Türkiye Barolar Birliği ve Barolar, TÜRK Milletinin yargıdaki varlığıdır. Osmaniye Barosu ve Türkiye Barolar Birliği olarak daima milletimizin ve onlara yapılan haksızlıkların karşısında durmuş; davalarda müdahil olunmuş gerekli girişimler başlatılmıştır. Baroların ve Türkiye Barolar Birliğinin hangi tavrının milli olmadığını sormak isteriz; 15 Temmuz’da neredeyse 79 baro ve Türkiye Barolar Birliğinin devletin ve milletin yanında yer alan tavrı mı milli değildir? Afrin, zeytin dalı operasyonlarına tam destek veren 79 baronun ve bizzat Kilis’e giderek bombaların altında açıklama yapan Türkiye Barolar Birliği Başkanının açıklamaları mı milli değildir? Teröristlerce yaşam hakkı katledilen Fırat Çakır Davasında müdahil olmamız mı milli değildir? Denetimsiz yurtlarda 10 yaşındaki çocukların tecavüze uğramasında onların yanında davaya katılmamız mı milli değildir? Hayatının baharında yaşama hakkı elinden alınan bir başka gencimiz Özgecan Aslan’ın katillerin karşısında dimdik durmamız mı milli değildir? Kaçak tarikat yurtlarında diri diri yanan kız çocuklarının ailelerinin yanında durmamız mı milli değildir? Kumpas davalarında tarihler henüz 17-25 göstermezden çok önceleri FETÖ tehlikesine dikkat çeken ve kumpas mağduru askerlerimiz ve aydınlarımızın yanında yer alan barolar ve Türkiye Barolar Birliğinin tavrı mı milli değildir?

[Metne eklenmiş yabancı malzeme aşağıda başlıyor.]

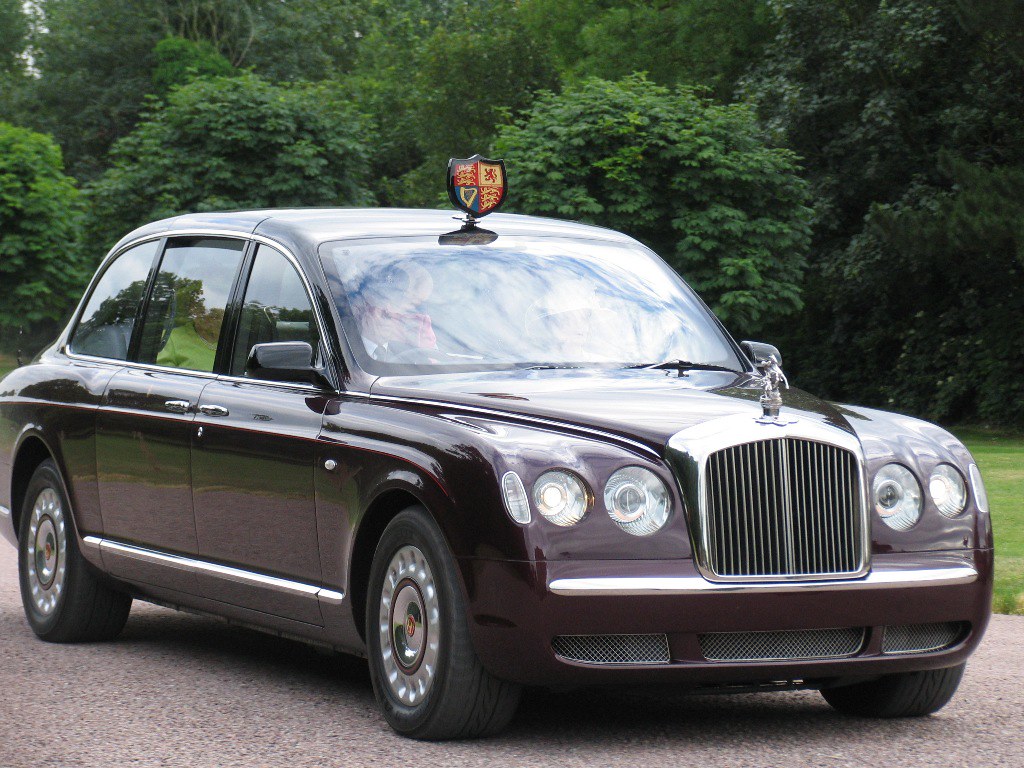 The Queen's Bentley returns from Royal Ascot The Queen is … Flickr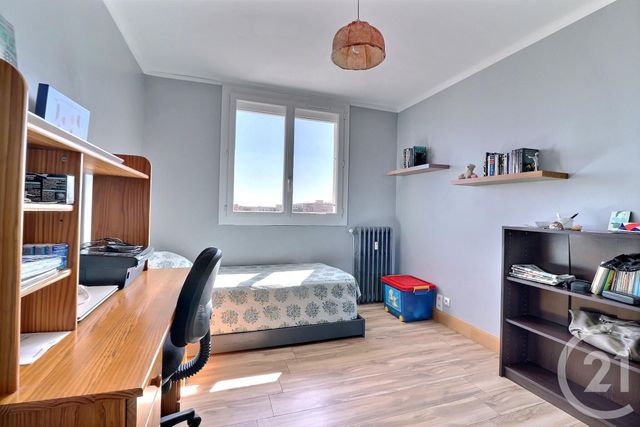 Afficher la photo en grand appartement à vendre - 5 pièces - 86.47 m2 - FREJUS - 83 - PROVENCE-ALPES-COTE-D-AZUR - Century 21 Sud Habitat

Türkiye Cumhuriyetinin tüm Baroları ve Türkiye Barolar Birliği bugün herkesten daha çok milli herkesten daha çok vatan sevgisi ile hareket eden, herkesten daha çok hak ve özgürlüklerin savunucusudur. Tüm bu nedenlerle de Birliğimizin adının önündeki TÜRKİYE, bizim için bir kelimeden öte onurumuz, her şeyimizdir.

Baro üyeliğinin kaldırılması; avukatın şahsının ve avukatlık mesleğinin ötesinde, hukuk devletinin ve hukuk güvenliği hakkının özünü zedeleyen sonuçlar doğurur. Barosuz avukatlık düşünülemez. Dünya uygulamaları da bu yöndedir.

Türkiye Barolar Birliği’nden TÜRKİYE adının çıkarılması ile Avukatların Barolara üyelik zorunluluğunun kaldırılmasına ilişkin girişim ve değerlendirmelerin durdurulması gerektiğini hukuk devletimiz açısından acil görüyor, bu çağrımızı kamuoyuyla paylaşıyoruz.”